A further positive note is in relation to the recently revised business rates. The revised business rates will come into force in April and are likely to have a significant impact on SME’s who may see their tax rates rise significantly. In response to the revised rates announcement, the Welsh Government pledged £10 million in funding to go towards a new Targeted Relief Scheme which will help SME’s in Wales to cope with the revised rates. The Chancellor has also tried to soften the blow by pledging that those businesses which will no longer be eligible for small business rates relief will have the increase in rates capped at no more than £50-a-month. There will also be a £1,000 grant available to many pubs in an attempt to prevent widespread closures as a result of the revised rates.

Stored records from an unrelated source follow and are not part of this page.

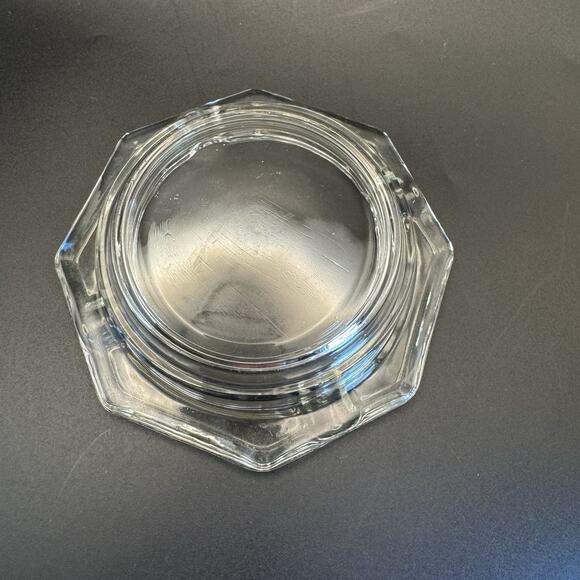 vintage clear octagon shape glass ashtray‎ MCM - Picture 2 of 3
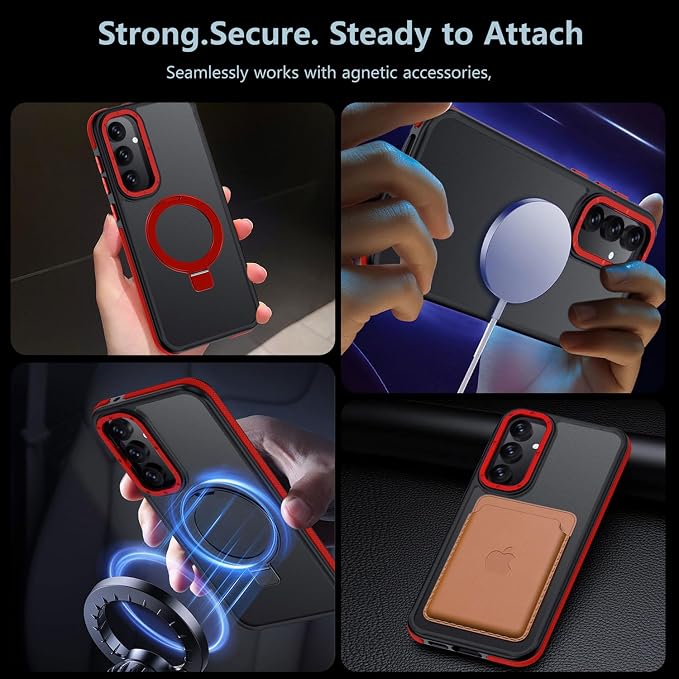 for Samsung Galaxy S23 FE Case, Magnetic Adjustable Ring Stand [Fit for Magsafe], [Military-Grade Shockproof Protection] Phone Case with Kickstand&Ring Holder (Red) 1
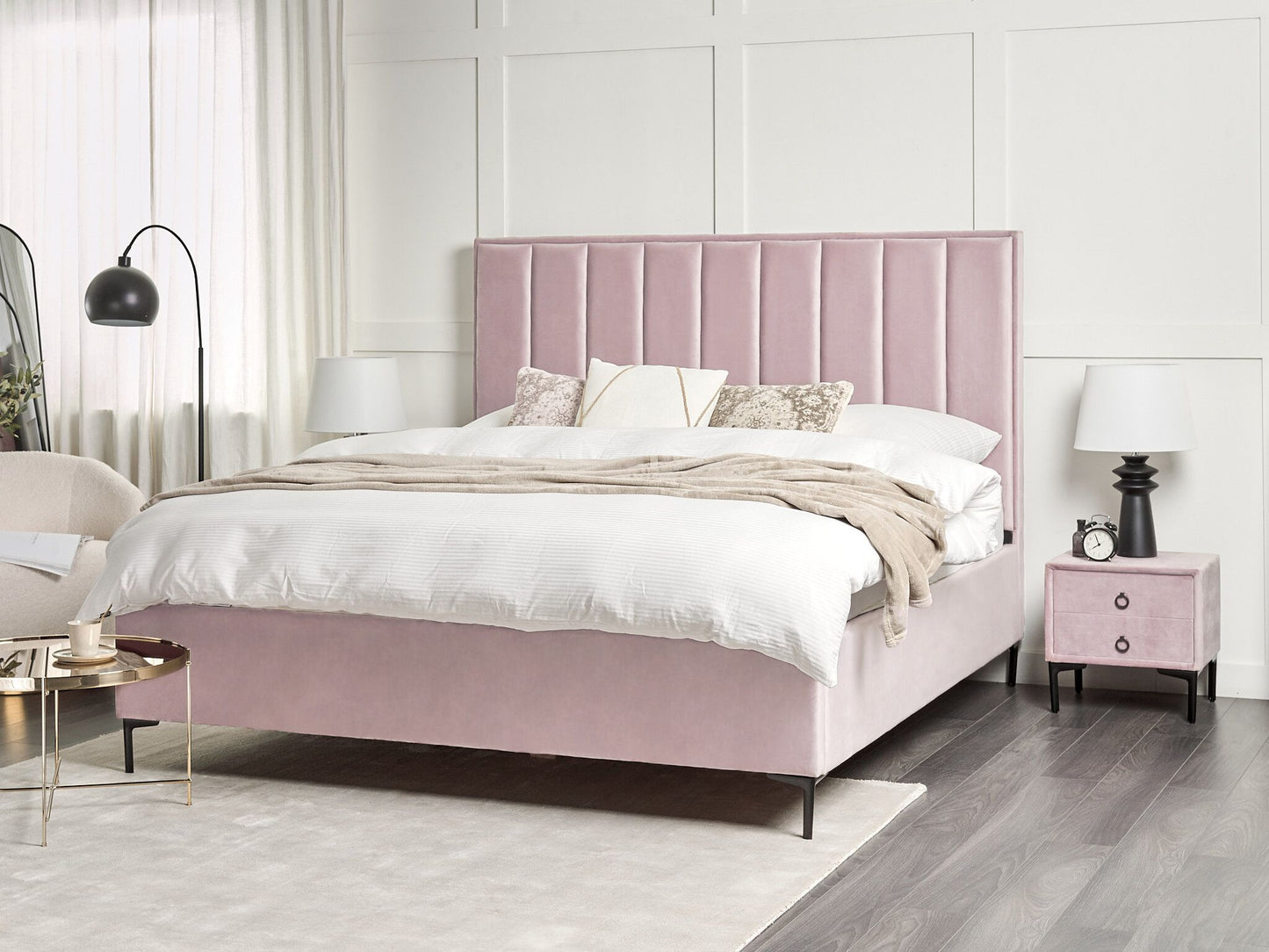 Schlafzimmer Set Samtstoff SEZANNE 180 x 200 cm Rosa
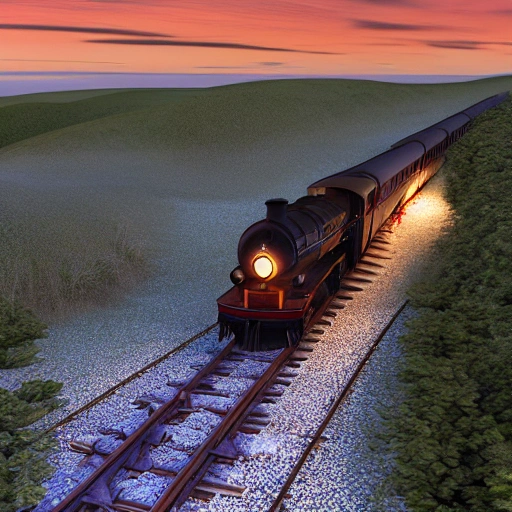 steam train driving through the see, the polar express, scenic landscape, stunning environment, dusk, ultra detailed, octane render, ultra detail, intricate detail, volumetric lighting, vivid colours, photorealistic, photography, lifelike, high resolution, digital art, ultra wide angle lens, aerial view, elevated view, 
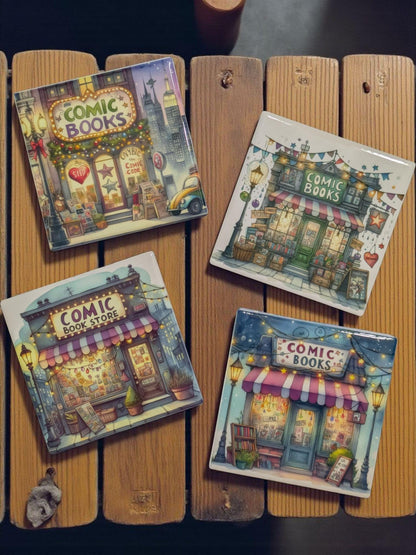 Comic Book Store Coasters, Set of 4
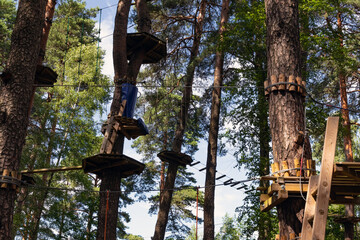Part of an obstacle course in the forest. Extreme sport.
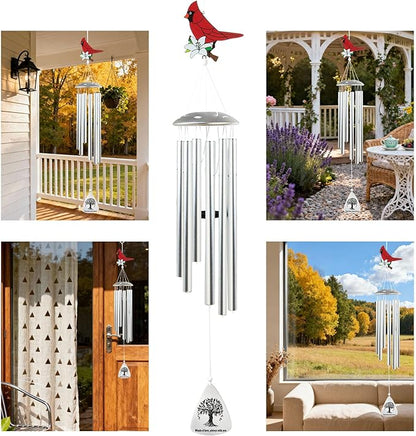 Memorial Wind Chimes for Loss of Loved One, Sympathy Wind Chimes for Outside with Cardinal Wind Spinner, Bereavement Condolence Remembrance Gift for Loss of Mom Mother Father Husband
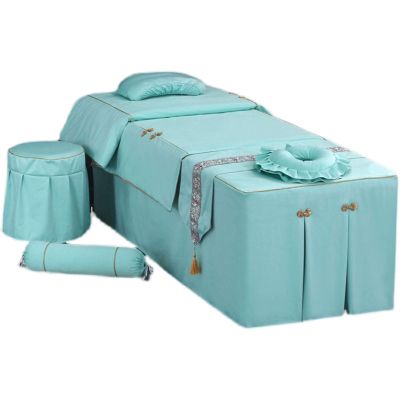Beauty Bedspread Four-Piece Bed Cover Beauty Salon Special Massage Bed Sheet High-End Simple 4-Piece Set Beauty Bed Cover Massage Salon Bed Bedspread with (Green 80 x 190 cm)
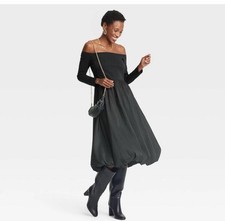 A New Day Black Small S Long Sleeve Midi Empire Waist Dress - NWT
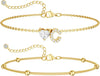 Initial Heart Diamond Anklets for Women - Gold C
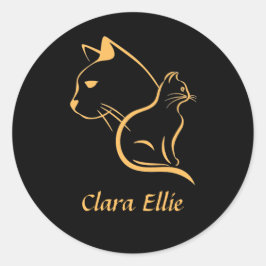Personalisierter Name - elegante Katze Runder Aufkleber
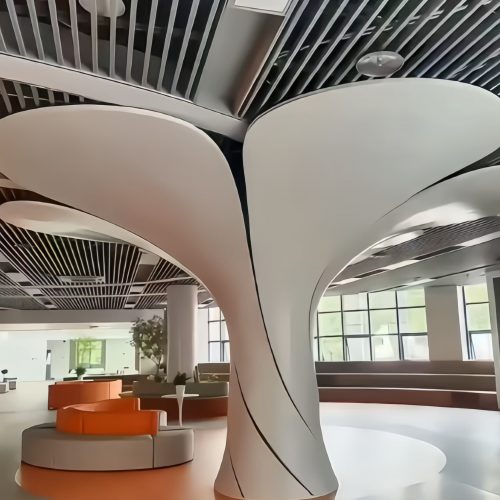 Custom flower-shaped metal column for high-end club by XinYe Metal, artistic stainless steel design.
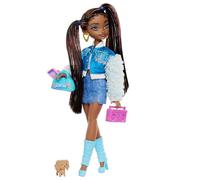 Barbie Poupée et Accessoires Équipe de Rêve « Brooklyn » articulée avec Longs Cheveux Noirs, 9 éléments sur Le thème de la Musique, HYC22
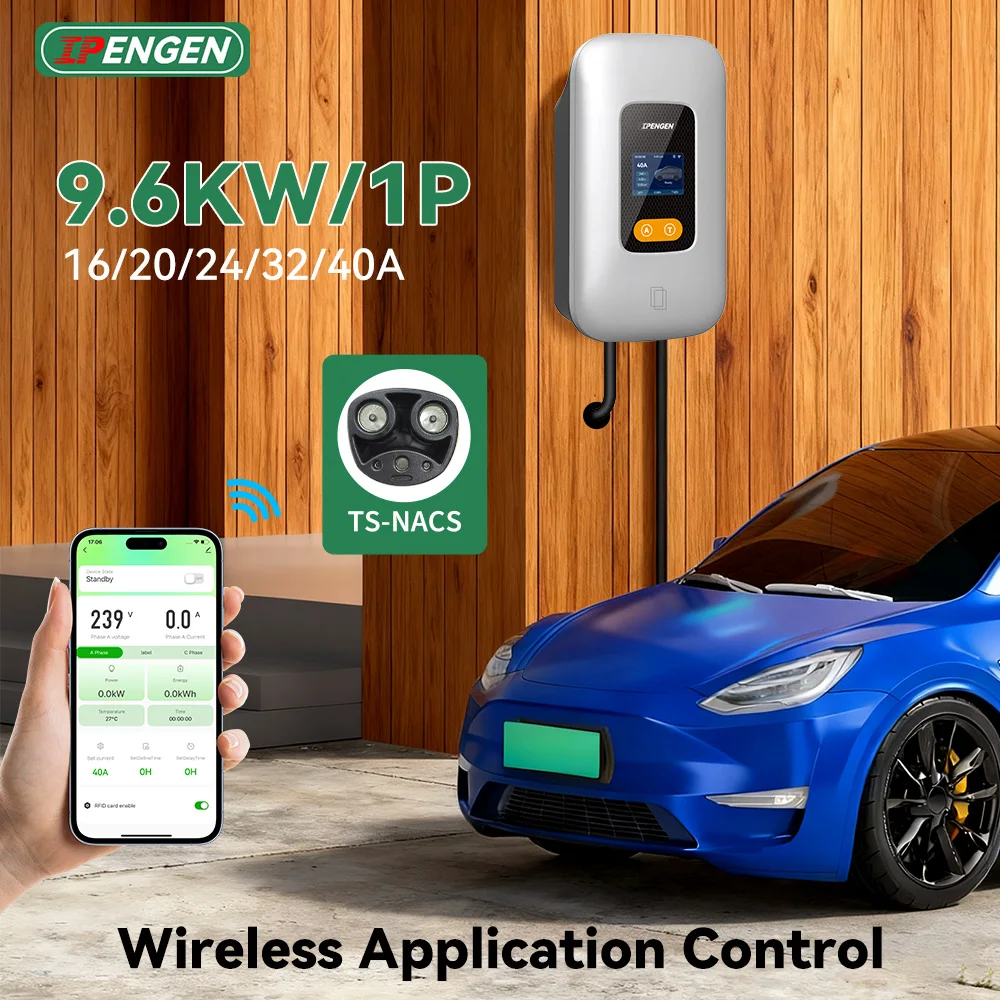 IPENGEN 9.6kw TS-NACS EV Charger Station Swipe Card APP Control Electric Vehicle Wallbox 16A/20A/24A/32A/40A Adjustable Current
IPENGEN 9.6kw TS-NACS EV Charger Station Swipe Card APP Control Electric Vehicle Wallbox 16A/20A/24A/32A/40A Adjustable Current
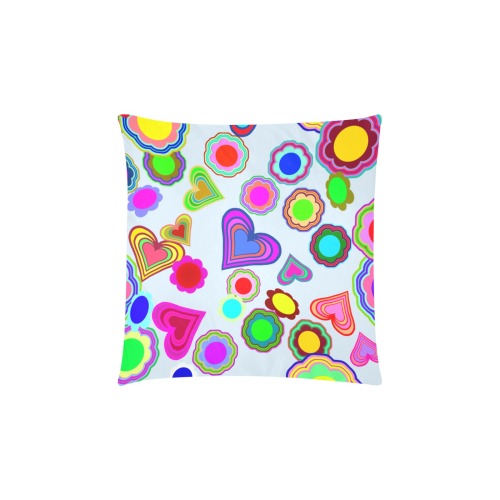 Groovy Hearts Flowers Pattern Blue Custom Zippered Pillow Cases 16"x16" (Two Sides)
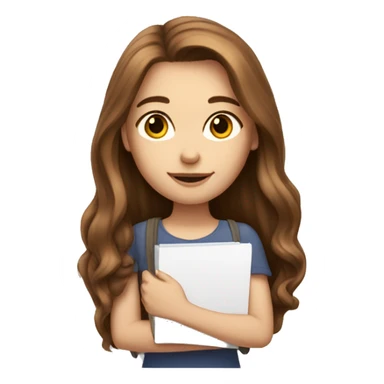 white-girl-with-long-brown-hair with notepad sticker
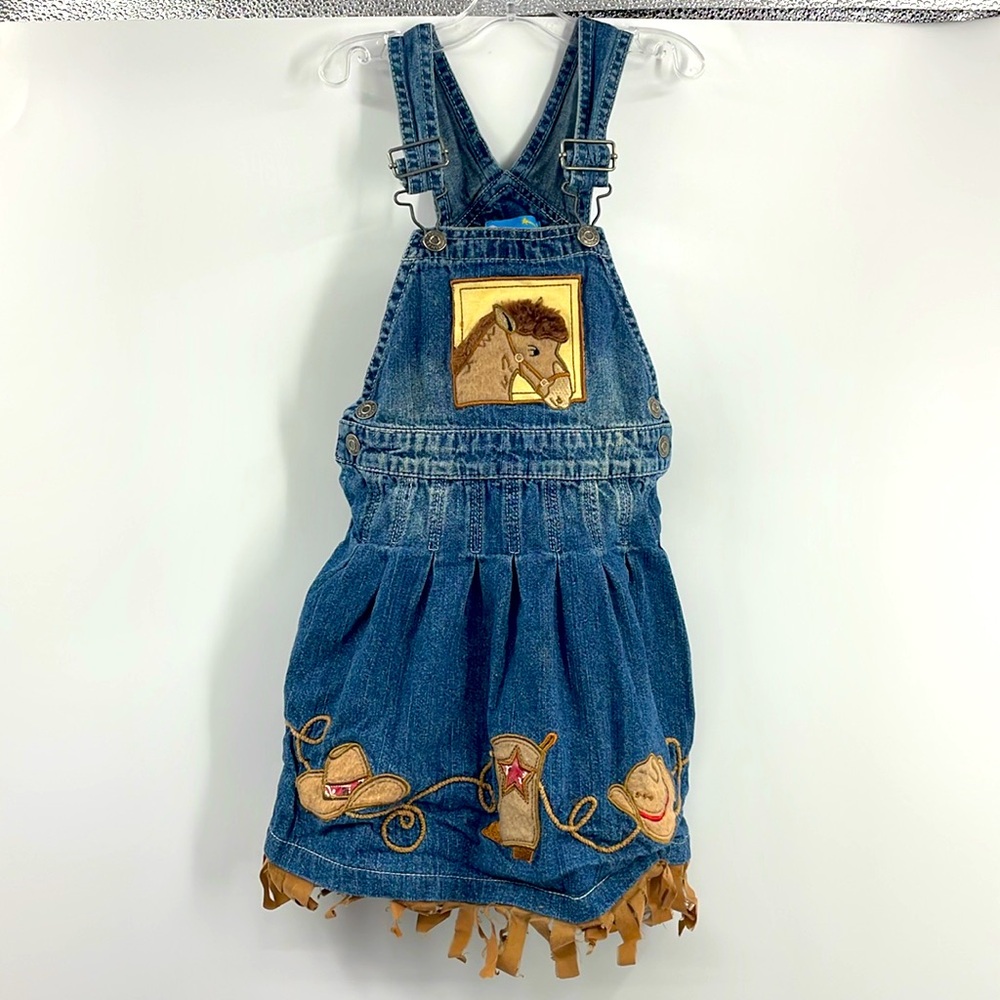 Vintage Cre8ions western horse pony cowboy boot patch overalls dress Size 3T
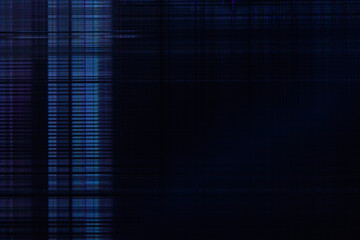 dark abstract digital background: damaged screen matrix with interference of monitor and camera matrices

In the budget Chancellor announced big changes to self-employed national insurance contributions (NICs). The current system requires that the self-employed pay two classes of NICs which are calculated based on annual profits. Class 2 NICs are currently payable at a rate of £2.80 per week on profits of over £5,965. Class 4 NICs are then also then payable at 9 percent on any profits between £8,060 and £43,000. The Chancellor proposed a new system whereby Class 2 NICS would be abolished and Class 4 NICs would be set to increase to 10 percent in 2018 and to 11 percent in 2019. The new rules would mean that a self-employed individual with over £16,250 profits would be liable to increased NIC payments. The changes were intended to bridge the gap between the amount of income tax paid between the employed and the self-employed. However in a surprise political U-turn the chancellor has since abolished these proposals and the current system will remain in force for self-employed individuals for the foreseeable future.


Slightly less welcome news from the spring budget comes in the form of a reduction in dividend allowances for incorporated businesses. The current rules allow company directors to receive up to £5,000 in dividends tax-free. The chancellor has however announced plans to cut the dividend tax allowance threshold to £2,000 which will come into force in 2018 under the Finance Act 2016. The rationale behind this decision was again to try and bridge the gap between the self-employed and other workers, however, it is argued that this new measure could significantly affect small business owners, many of whom are currently able to utilise the tax allowance as a means of supplementing their income.


Good news for large companies comes in the form of a reduction of corporation tax. The Chancellor has pledged that the corporation tax main rate will be cut to 17 percent by 2020. The tax cut which will see the UK with the lowest tax rate in the G20 was implemented as a means of putting the UK on the market as a global competitor in business.


Overall the spring budget brings a mixed bag of news. It will be interesting to see how the implementation of MTD gets put into practice over the next 18 months and whether the government will do more to assist SME’s with the transition where necessary. The government assistance for revised business rates looks to be a positive step which will hopefully alleviate the shock of what would otherwise have been a steep jump in the cost of rates for SME’s. The most interesting topic to come from this year’s budget is undoubtedly with regard to national insurance contributions for the self-employed. I’m sure this will continue to be a hot topic of conversation in the media in the following months and it will be interesting to see whether the government come back to their initial plans in the future.